The Zephyrus M16 4090 GU604VY laptop is interesting in that despite being a thin and light, it is designed to cool a 4090 with a 150W TDP. And that's with factory thermal paste – I thought it could handle higher with PTM. It also has an interesting 3 fan cooler setup, showing promise for more cooling capacity:

Zephyrus M16 3 fan cooling setup

So, I shunt modded it. Goal was to match the performance of 5090 laptops while still being thin and light.

Shunt mod pictures

The laptop was shunt modded by stacking a 1mOhm resistor on top of the 5mOhm shunt resistor at the back of the motherboard. Any power readings will be 6 times lower than the actual power draw. I also repasted the old paste/liquid metal on the CPU/GPU with PTM 7950 and replaced the VRM thermal putty with better aftermarket putty (Upsiren UX Pro Ultra).

Result

Power draw reading is around 40-45W depending on the test runs, verifying that the shunt mod worked. Actual power draw would be 240W. The benchmarks are also 20-30% higher than the next highest M16's.
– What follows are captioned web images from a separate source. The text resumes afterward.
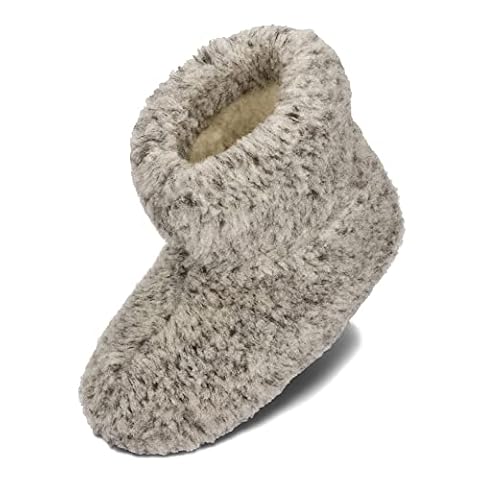 BeComfy Ciepłe wełniane kapcie damskie męskie ocieplacze zimowe wysokie bambosze wełna owcza unisex 36-46 EU/Szary ciapki, 40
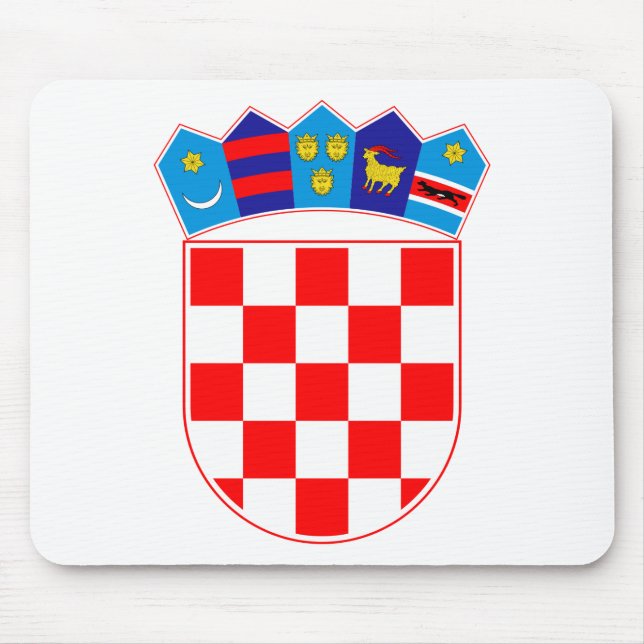 Coat of arms of Croatia, Croatian Emblem, Hrvatska Mouse Mat (Front)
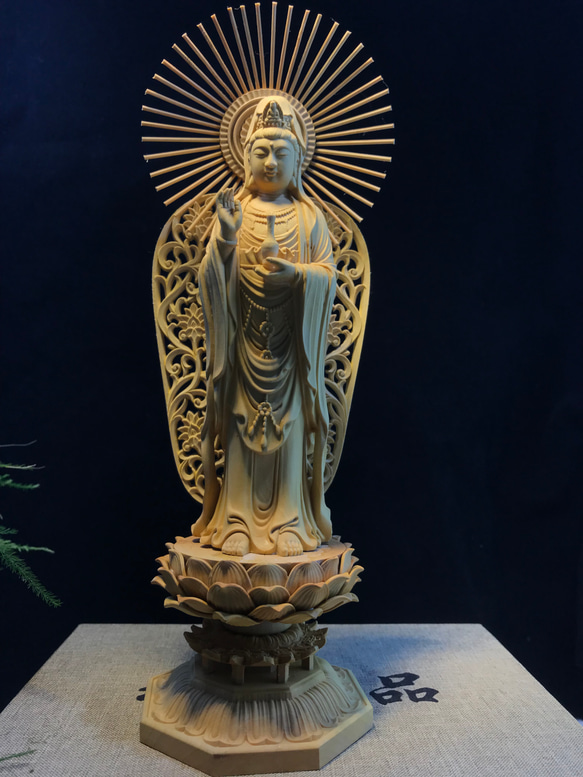 南海観音 観音菩薩 稀少珍品 観音像 仏壇 仏像 一刀彫り 仏教工芸品 
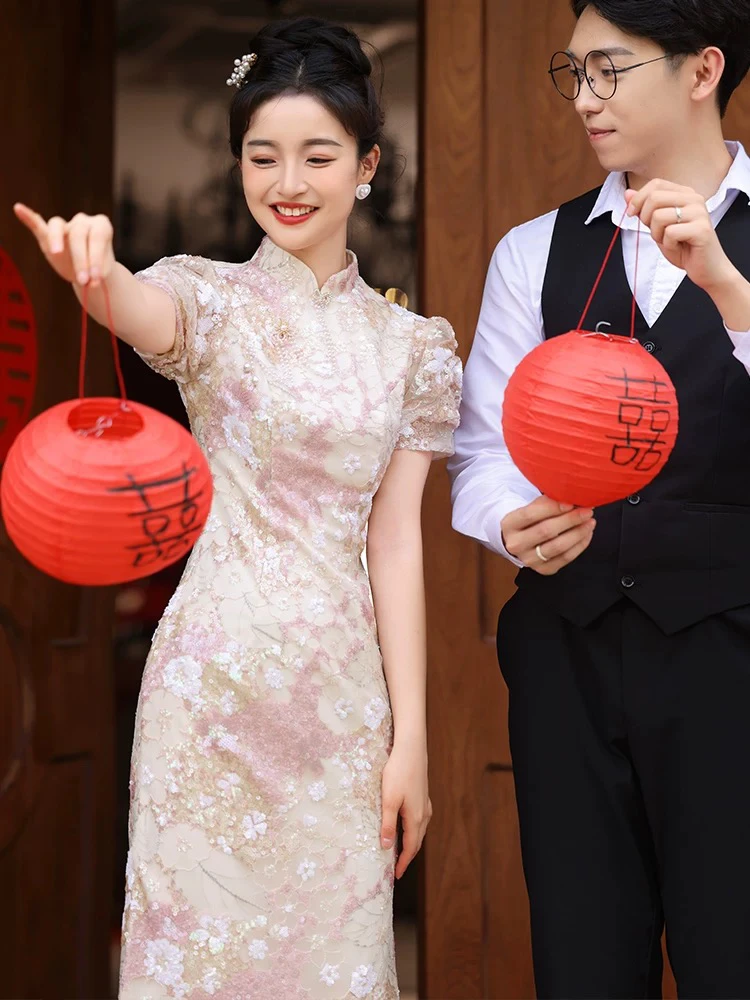 直播链接断码特价轻奢订婚晚礼服亮片粉色敬酒服新娘连衣裙旗袍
Power Draw measurement example

benchmark comparisons shunt modded m16 next best m16 improvement through shunt mod average 5090 laptop difference vs 5090 laptop average benchmark link
speedway 6911 5673 21.8% 6307 9.6% link
steel nomad 6137 5079 20.8% 6159 -0.4% link
steel nomad light 27498 22466 22.4% 26137 5.2% link
port royal 16323 13564 20.3% 16321 0.0% link
time spy graphics 25444 23402 8.7% 24949 2.0% link
time spy overall 23106 22031 4.9% 23076 0.1% link
solar bay extreme 24617 18166 35.5% 22877 7.6% link
average 19.2% 3.5%

Conclusion

Shunt modding the M16 4090 let me match the performance of most 5090 laptops. In fact, 5090 laptops with similar form factor like Stealth A16 5090 or a Zephyrus G16 5090, go for at least $3500 right now and actually has lower performance! Depending on your risk tolerance, shunt modding a laptop is a very viable choice.